2.02-06 Polaris: Create logic to render the results in the Default value
Polaris only uses memory when storing populated (non-default) values. This is why it's important to ensure that the logic of a model maintains default values (blank, false, and zero) as often as possible. For example, if the common scenario is for a value to be TRUE, consider reversing the logic and making the common result FALSE which is the default value.
2.02-07 Polaris: Avoid creating logic that results in dense modules with significant dimensionality
Using constants and item(list) will create a 100% dense module as every cell will be populated.

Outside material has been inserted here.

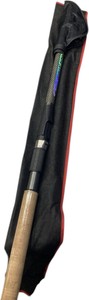 Б/в Спінінг Apache navigator 2.70м 50-80г 01-201158658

2.02-08 Polaris: Avoid using intensive functions at any significant dimensionality
A few functions are inherently computationally intensive. Used in significant dimensionality, they can be very slow to calculate. Examples of these are:
- ISFIRSTOCCURRENCE()
- RANK()
- CUMULATE()
2.02-09 Polaris: Avoid using SUM/LOOKUP combination
While SUM/LOOKUP combination should be avoided in Classic, it's paramount to avoid using it in Polaris. The net result of a SUM and LOOKUP in the same formula is that the engine has to do a very large number of calculations for every target cell in a line item. Although the logic will take up a smaller amount of space, it's MUCH more efficient to split the LOOKUP into a different line item and then do the SUMs separately.
2.02-10 Polaris: Avoid unnecessary LOOKUPs
LOOKUPs in Polaris are computationally quite intensive, especially with significant dimensionality. The engine must iterate over every item in the dimension being LOOKED UP over. Consider making LOOKUPs their own line item. This might make the system work better by reducing how many times a LOOKUP needs to be calculated.